What accounts for these differences in survival among high-risk surveillance cohorts is an important unanswered question. One of the main differences between the 2 cohorts is the number of stage I cases, which may be the result of differences in the surveillance method used or in disease biology. Regarding surveillance tests, EUS is known to have a higher resolution compared with MRI and CT and better accuracy for detecting small solid pancreatic cancers than MRI, although the available data are limited.5,31,32 The Dutch surveillance program that reported PDAC outcomes of individuals with deleterious germline CDKN2A variants primarily relied on MRI for surveillance, with optional EUS.11,33 Seventeen percent of incident PDACs in the Dutch cohort presented as interval cancers.11 Furthermore, a retrospective review of imaging abnormalities in 28 of 2552 high-risk individuals who developed PDAC while participating in 1 of 16 surveillance programs from 7 countries (Australia, Germany, Israel, Italy, the Netherlands, Spain, and the US) found that almost one-half of the high-grade dysplasia or PDAC lesions were detected before the next scheduled surveillance visit, at a median of approximately 11 months after an unremarkable imaging examination.32 Differences between surveillance programs32 with respect to how the imaging tests are used (magnetic resonance/magnetic resonance cholangiopancreatography, EUS, or both at each visit); surveillance intervals (6 or 12 months); and other aspects of their radiologic, surgical, and oncologic care may have contributed to the variability in outcomes. Interval cancers detected in surveillance programs of high-risk individuals highlight the continuing need to develop more sensitive diagnostic tools and standardize or modify surveillance methods.

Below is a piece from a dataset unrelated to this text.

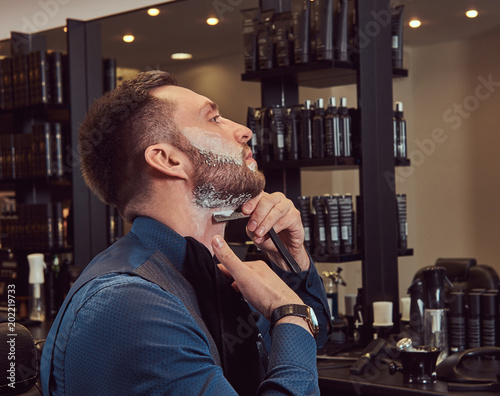 Portrait of a stylish male who himself shaving in a hairdressing salon.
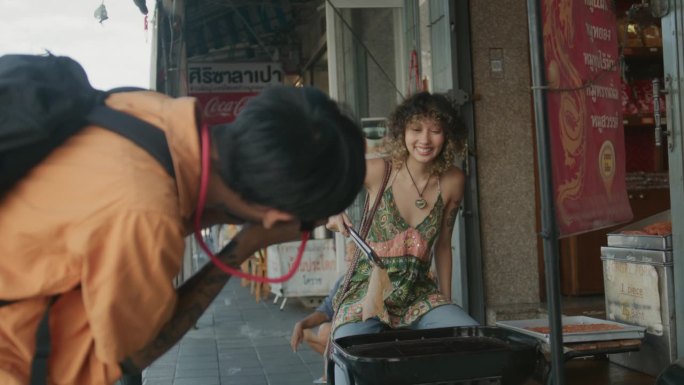 一名亚洲男子在老城区旅行时，用相机拍下了正在烤食物的女友。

Another potential reason for variability in the survival benefit from surveillance of high-risk individuals is variability in how patients with pancreatic cancer are treated. For example, some patients in the Dutch cohort with resectable PDAC declined surgery, and the more recently diagnosed high-risk individuals in our cohort were more likely to have undergone neoadjuvant therapy (11.5% in our cohort vs 0% in the Rotterdam cohort32 and 11% in the CDKN2A cohort). Targeted chemotherapy with poly-ADP ribose polymerase inhibitors and platinum-based agents for high-risk individuals with germline BRCA/PALB2 variants can potentially improve progression-free survival.34,35 Finally, differences in tumor biology may contribute to the wide range of reported PDAC survival. Germline gene status may affect the timeline from preclinical invasive cancer, to a detectable localized tumor, to metastatic or locally advanced PDAC.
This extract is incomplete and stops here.